Plant wonders: Gladioli on the fringe of Soviet law

Take note – story published 2 years ago

The arrival of fall in Latvia will be associated not only of the start of the academic year, chilly mornings or the chromatic burst of foliage, but also of gladioli (sword-lilies), the pride of many a gardener and an essential for any flower-stand man (or woman). 

Gladioli are a thing in Latvia. Plant breeder Laimonis Zaķis, who heads the Latvian Association for Gladioli and Irises, explains how these flowers came to be so popular here and what has been achieved so far in the subtle art of breeding gladioli. 

Native to South Africa and the Mediterranean, these plants were first cultivated in Europe in the 17th century, with more than 2,000 breeds created over the next two hundred years.

Growing gladioli first became a popular pastime in the interbellum, with a number of companies offering globally sought-after gladioli, such as Palmer's Picardy, in the 1930s. These sword-like flowers were particularly in vogue in the 1950s, with Viktors Orehovs singling himself out as one of the top breeders. He also spread some of the craze to Russia, shipping the results of his labor of love across the Soviet Union. 

In the early 1960s, Aldonis Vēriņš brought American varieties into Latvia. This was a huge boon for breeders and the culture at large as, compared to the old Dutch varieties, the American ones were sturdier and with a better flower arrangement. This, too, contributed to the growing popularity of these plants, to the extent that in the late 1970s and early 1980s one often had to wait in line for an hour to get into an exhibition of gladioli. It was also a business looked down upon by the Soviet authorities.

While early breeders had trouble creating cerulean and green gladioli, now all colors are available except black (these still have a different shade below).

There are so many varieties breeders are hard-pressed to come up with something radically new. Instead, most work to perfect the plant, e.g., for stability, flower arrangement and resistance to the elements.

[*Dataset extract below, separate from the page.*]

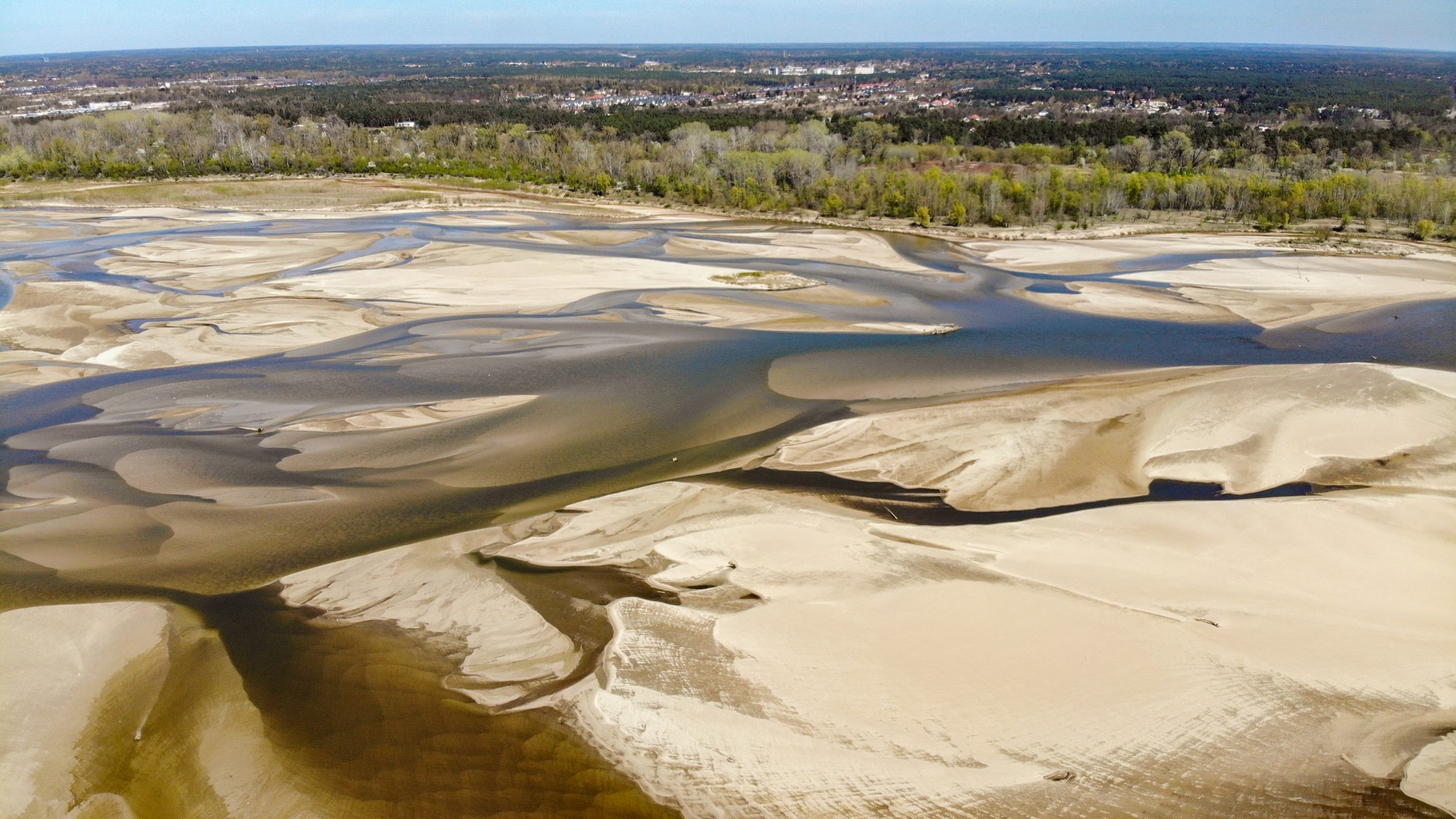 Susza na Wiśle - zdjęcie 6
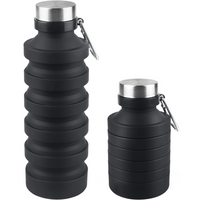 Foldable Shockproof Water Bottle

When creating a new variety, breeders pick the best specimen with at least twenty buds and eight simultaneously blooming flowers without any having started wilting. Laimonis Zaķis has seen exemplars with twenty buds apiece and created plants that had had a whopping sixteen flowers in boom at the same time. Alas, these most sumptuous gladioli wilt faster due to lack of proportion.

A series of plant wonders

Latvians like to think they are more in tune with the seasons than most. With that in mind, we'll be guiding you through the next few months with this series on the plants you can encounter from autumn onwards.

Laimonis Zaķis says that one should buy gladioli with three to four flowers about to burst to see them in bloom for the longest possible time.

Visvaldis Viņķelis is the oldest gladioli breeder still going at it in Latvia. He has been doing this for more than 40 years and has authored more than 300 varieties. The best of his flowers are popular abroad as well. Black Night is a particularly interesting variety of his, with cherry-colored flowers that increase in intensity on the sides.

Laimonis Zaķis meanwhile has created more than 200 varieties but is convinced that his best flowers are still ahead of him. Among the best-known of his gladioli are the Brīnumdare (Miracle Worker) and Zīda tīkli (Webs of Silk). The first bloom in green and acquire a red color afterwards, while the latter are raspberry pink shot through with a white webbing.